Desde o passado dia 13 o mundo já assistiu a três ataques violentos em massa (uso esta expressão já que existem debates científicos acerca do próprio conceito de terrorismo). O primeiro ocorreu na Escola Estadual Raul Brasil em São Paulo; o segundo, no dia 15, em duas mesquitas na Nova Zelândia; e, por fim, o terceiro no dia 18, na cidade de Utrecht, na Holanda. Todos estes acontecimentos foram protagonizados por indivíduos com diferentes antecedentes e, à primeira vista, com objetivos completamente diferentes: um foi causado por ex-alunos da dita escola; outro por um nacionalista radicalizado e o último por um imigrante turco já sinalizado pelas autoridades holandesas. Contudo, impõe-se a questão: não passarão estes acontecimentos de manifestações de suposto “poder” e dispersão do medo pela sociedade sem quaisquer intenções políticas? O terrorismo, tal como o nome insinua, tem por objetivo a aterrorização da sociedade ou comunidade com o objetivo de fazer cair os seus valores vigentes (é por isso que “terrorismo” e “revolução” são expressões que andam sempre de mãos dadas), mas é inconcebível pensar que estes autores alguma vez pensaram que as suas ações serviriam para a mudança de pensamentos sociais. Bem pelo contrário – ainda fortaleceram a resistência a estas doutrinas opressivas e violentas.

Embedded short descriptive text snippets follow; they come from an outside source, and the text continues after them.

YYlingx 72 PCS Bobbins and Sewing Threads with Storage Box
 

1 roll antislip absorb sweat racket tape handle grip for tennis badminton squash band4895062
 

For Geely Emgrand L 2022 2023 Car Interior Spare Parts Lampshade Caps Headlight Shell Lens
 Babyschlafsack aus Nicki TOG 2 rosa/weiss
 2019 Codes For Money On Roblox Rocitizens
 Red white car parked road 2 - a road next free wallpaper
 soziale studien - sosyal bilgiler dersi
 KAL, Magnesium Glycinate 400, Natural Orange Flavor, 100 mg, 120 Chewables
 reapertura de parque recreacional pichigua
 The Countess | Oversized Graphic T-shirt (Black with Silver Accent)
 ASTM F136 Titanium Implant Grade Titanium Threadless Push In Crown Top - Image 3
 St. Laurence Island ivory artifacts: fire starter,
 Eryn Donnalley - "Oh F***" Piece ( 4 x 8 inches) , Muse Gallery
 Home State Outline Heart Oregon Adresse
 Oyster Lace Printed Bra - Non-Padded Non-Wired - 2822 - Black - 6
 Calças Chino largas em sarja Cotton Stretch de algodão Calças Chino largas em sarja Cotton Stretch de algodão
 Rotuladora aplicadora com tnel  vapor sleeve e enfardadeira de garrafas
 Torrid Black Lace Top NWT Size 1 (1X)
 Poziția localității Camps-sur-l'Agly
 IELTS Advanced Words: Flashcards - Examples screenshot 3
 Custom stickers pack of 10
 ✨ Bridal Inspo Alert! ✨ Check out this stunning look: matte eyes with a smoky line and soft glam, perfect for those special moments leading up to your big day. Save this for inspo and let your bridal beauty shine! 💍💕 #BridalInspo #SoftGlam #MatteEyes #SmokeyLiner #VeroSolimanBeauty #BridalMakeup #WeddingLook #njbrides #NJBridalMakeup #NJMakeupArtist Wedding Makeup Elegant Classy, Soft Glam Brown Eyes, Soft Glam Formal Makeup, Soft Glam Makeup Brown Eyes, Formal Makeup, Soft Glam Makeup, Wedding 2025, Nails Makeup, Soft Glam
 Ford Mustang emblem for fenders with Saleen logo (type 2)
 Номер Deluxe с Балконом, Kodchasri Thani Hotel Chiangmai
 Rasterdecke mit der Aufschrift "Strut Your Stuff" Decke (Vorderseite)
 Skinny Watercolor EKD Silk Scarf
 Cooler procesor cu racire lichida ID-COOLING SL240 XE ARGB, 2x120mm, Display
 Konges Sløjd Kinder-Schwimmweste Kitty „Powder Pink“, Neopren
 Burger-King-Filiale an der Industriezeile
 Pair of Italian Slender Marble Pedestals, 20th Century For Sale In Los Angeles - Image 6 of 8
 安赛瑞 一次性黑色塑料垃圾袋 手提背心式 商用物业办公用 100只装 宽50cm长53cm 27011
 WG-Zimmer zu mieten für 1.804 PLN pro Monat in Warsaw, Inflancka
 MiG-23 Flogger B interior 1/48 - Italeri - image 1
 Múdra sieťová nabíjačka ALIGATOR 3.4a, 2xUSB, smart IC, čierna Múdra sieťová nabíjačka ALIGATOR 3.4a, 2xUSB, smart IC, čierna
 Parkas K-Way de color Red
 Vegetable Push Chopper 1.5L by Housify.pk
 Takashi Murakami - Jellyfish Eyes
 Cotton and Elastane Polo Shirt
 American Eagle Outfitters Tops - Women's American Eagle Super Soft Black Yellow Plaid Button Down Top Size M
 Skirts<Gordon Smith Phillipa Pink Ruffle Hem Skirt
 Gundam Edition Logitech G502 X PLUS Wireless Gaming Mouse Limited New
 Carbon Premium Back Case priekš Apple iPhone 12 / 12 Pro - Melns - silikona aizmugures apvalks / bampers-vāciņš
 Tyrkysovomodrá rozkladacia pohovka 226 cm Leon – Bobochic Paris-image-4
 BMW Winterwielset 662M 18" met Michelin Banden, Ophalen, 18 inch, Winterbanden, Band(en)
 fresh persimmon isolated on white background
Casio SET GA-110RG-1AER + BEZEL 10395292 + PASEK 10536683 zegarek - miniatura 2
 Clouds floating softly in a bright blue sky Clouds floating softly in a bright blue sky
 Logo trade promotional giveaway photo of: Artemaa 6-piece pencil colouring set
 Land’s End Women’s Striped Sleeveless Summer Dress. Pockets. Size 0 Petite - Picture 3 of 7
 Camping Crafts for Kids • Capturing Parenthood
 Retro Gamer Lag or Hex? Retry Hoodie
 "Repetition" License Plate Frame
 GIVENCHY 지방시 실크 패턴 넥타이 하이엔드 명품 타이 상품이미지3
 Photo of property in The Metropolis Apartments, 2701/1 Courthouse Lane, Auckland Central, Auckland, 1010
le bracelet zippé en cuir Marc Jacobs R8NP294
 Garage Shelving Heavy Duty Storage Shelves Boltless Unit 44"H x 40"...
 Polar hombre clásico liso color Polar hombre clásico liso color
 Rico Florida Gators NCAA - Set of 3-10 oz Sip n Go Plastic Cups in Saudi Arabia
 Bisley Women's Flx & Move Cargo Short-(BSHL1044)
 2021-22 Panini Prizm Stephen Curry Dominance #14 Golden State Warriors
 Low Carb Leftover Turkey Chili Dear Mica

Tirando o caso brasileiro, que apesar de partilhar características comuns com o terrorismo “usual” não teve motivos políticos, tanto o massacre neozelandês com o atentado holandês só reforçaram a consciência coletiva contra os seus praticantes e autores morais, isto é, a sociedade global foi relembrada dos horrores que tanto um movimento como outro aceitam como válidos.
De forma a contrariar estes medos, toda a sociedade, com especial destaque o Estado, tem a obrigação de promover a segurança eficaz e comportamentos de proteção a estas ameaças que mais uma vez parecem se ter popularizado. E será que Portugal de facto trabalha bem neste sentido? A resposta é ambivalente: por um lado, temos forças de segurança eficazes, desde a PSP (destaque para a GOE, força antiterrorista portuguesa reconhecida pela sua extrema qualidade e competência) à PJ passando pela GNR e pelo SIS que até agora se têm mostrado mais que adequadas às nossas necessidades; por outro, a segurança realizada fora do âmbito do Estado é extremamente criticável.
Se não, vejamos a minha experiência pessoal: por motivos académicos resido em Portugal Continental há poucos anos e, como fã de música, sempre que tenho oportunidade vou a concertos. Nada de mais se, em aproximadamente 15 eventos a que fui, não tivesse sido revistado apenas duas vezes, o mesmo se passando com pessoas que até malas traziam para os ditos concertos. Lembre-se que há menos de quatro anos o ataque no salão de concertos do Bataclan em França deixou 90 mortos e, mesmo assim, tanto os proprietários destes espaços como o Estado permitem a entrada “à toa” em sítios onde o mesmo pode acontecer... Ilógico? Sim, sem dúvida.
Com esta reflexão não pretendo sugerir que tenhamos que começar a viver num país autoritário em que cada mínima ação seja registada e em que cidadãos, por diferença política ou diferença étnica, precisem de ser presos por nada terem feito. Quero antes dizer que a segurança tem que, de facto, ser produzida no seio da sociedade através da interação entre privados e públicos, cidadãos e Estado, uma segurança para impedir medos e seus produtos (aproveitamento político). É que dizer “só morreram três pessoas, podiam ter morrido muito mais” não é um testemunho de eficácia de um país na sua reação ao terrorismo. O verdadeiro testemunho de que se precisa é “um ataque terrorista foi evitado”.